Radiation prescription, dosimetry, and treatment: Patients were treated to a total dose of 30 Gy in 6 Gy per fraction. Patients were required to receive at least 2 fractions the first week. Goal PTV coverage was >90% receiving >90% of prescription dose but coverage was compromised to meet normal tissue constraints. Figure 1D shows an example treatment plan. Patients were treated using a linear accelerator with nominal beam energy of 6 MV. Cone beam CT guidance and/or orthogonal imaging was utilized for precise patient setup. All patients who initiated protocol treatment were followed per the study calendar.
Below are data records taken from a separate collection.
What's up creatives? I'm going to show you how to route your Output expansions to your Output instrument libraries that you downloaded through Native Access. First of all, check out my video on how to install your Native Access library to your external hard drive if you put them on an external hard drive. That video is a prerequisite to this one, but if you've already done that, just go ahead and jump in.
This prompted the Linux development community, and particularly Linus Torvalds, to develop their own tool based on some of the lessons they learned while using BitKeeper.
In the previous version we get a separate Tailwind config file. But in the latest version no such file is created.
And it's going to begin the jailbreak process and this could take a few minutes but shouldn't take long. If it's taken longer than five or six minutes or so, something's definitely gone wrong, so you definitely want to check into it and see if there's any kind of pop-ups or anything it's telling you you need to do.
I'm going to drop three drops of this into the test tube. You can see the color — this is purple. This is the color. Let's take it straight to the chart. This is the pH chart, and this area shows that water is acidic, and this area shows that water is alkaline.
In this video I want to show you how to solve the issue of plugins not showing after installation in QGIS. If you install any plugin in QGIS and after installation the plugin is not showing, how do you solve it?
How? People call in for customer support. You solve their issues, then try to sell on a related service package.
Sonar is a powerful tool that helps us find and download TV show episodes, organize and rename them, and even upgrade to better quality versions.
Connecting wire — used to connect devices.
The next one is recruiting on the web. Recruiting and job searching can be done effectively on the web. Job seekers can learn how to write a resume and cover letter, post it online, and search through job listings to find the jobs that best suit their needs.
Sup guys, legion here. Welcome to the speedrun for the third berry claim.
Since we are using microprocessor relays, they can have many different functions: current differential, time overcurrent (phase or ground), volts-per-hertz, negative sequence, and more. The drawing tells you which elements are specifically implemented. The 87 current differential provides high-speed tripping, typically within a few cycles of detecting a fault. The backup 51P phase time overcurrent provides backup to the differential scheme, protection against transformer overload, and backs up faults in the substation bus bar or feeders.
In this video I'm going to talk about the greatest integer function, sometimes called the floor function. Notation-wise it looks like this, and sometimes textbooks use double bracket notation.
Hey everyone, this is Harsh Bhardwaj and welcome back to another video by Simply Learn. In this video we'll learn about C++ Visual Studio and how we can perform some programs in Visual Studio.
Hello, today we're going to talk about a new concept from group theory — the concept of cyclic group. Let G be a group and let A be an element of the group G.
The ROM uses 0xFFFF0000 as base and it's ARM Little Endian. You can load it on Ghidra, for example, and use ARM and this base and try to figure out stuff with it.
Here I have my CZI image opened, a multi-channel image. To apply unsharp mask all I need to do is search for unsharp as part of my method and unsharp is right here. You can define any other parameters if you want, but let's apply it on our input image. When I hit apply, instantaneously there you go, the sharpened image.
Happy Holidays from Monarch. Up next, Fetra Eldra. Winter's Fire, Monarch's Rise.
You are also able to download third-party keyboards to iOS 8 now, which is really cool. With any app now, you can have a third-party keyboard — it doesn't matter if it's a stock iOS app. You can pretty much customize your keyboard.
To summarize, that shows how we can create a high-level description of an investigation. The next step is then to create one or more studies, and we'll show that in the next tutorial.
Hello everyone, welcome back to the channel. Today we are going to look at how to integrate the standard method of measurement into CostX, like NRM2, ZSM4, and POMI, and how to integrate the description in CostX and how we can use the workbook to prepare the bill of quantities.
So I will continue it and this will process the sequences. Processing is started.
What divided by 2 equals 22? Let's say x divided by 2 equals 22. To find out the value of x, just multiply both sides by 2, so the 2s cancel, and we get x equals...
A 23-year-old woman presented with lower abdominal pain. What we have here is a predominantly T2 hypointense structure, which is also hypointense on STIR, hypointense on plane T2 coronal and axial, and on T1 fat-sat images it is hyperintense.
Evaluation of local control and toxicity: Patients were followed with CT and/or MRI of the treated region every 3 months for at least 2 years following completion of SBRT. Bilsky grading (12) was performed by a board certified neuroradiologist based on the 1) immediately pre-operative MRI; 2) post-operative CT myelogram or MRI; and 3) first MRI post-SBRT, which was performed at approximately 3 months following treatment. Follow-up evaluations were performed every 3 months and included neurologic evaluation by the American Spinal Injury Association (ASIA) Impairment Scale (29), and pain evaluation by the 10 point visual analog scale (30) and MD Anderson Cancer Center (MDACC) Brief Pain Inventory Short Form (31). Toxicity was recorded according to the National Cancer Institute Common Toxicity Criteria for Adverse Events (CTCAE) Version 4 as well as the RTOG/EORTC acute and late common toxicity assessments for CNS and spinal cord.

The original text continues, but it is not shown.